To remove the query unrelated part of the document representation, we block the front-door path \(X\rightarrow Z\rightarrow Y\) by the unobservable confounder Z. According to the front-door path adjustment [27], we deconfound the factor Z by Eq. (1). Different from traditional front-door adjustment [35], we resolve the do-calculus of Z by decomposing it into query related and unrelated parts, i.e. \(Z_r\) and \(Z_n\). To calculate the expectation \(\mathbb {E}_Z[Z]\) in Eq. (4), we introduce a mutual information decomposition layer in Fig. 3 to split the document representation into two independent parts.

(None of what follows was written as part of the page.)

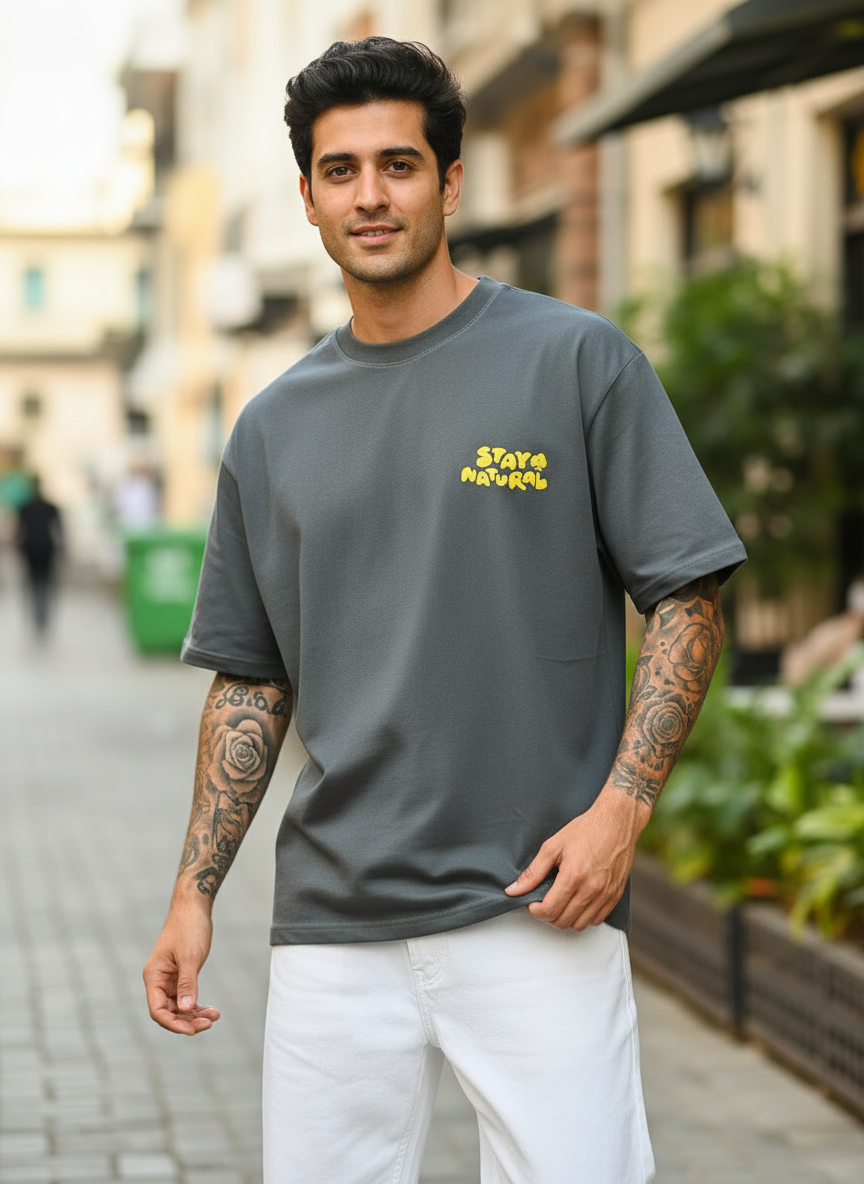 Stay Natural Oversized Dark Green T-Shirt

$$\begin{aligned} P(Y|do(X))&=\sum _{z}P(Y|do(Z))P(Z|do(X))\\&=\sum _{Z_j\in \{Z_r,Z_n\}}P(Y|Z_j)P(Z_j|do(X))\\ \end{aligned}$$
(1)

To eliminate harmful word relations from the self-attention matrix, we block the back-door path \(X\leftarrow B\rightarrow Y\) by the confounding factor B. Specifically, we estimate the do-operation query P(Z|do(X)) in Fig. 2 by Eq. (2) to keep useful word relations in the self-attention matrix B. Suppose word relations with the positive similarity in B, denoted as \(B_+\), have positive effect on the performance. The do-calculus of X is resolved with disentangling useful word relations from spurious ones in B. To estimate the expectation \(\mathbb {E}_{B}\left[ X\right]\) in Eq. (4), we design an adaptive masking method to obtain the disentangled graph and perform message passing over this disentangled word graph to refine word representations in Fig. 3.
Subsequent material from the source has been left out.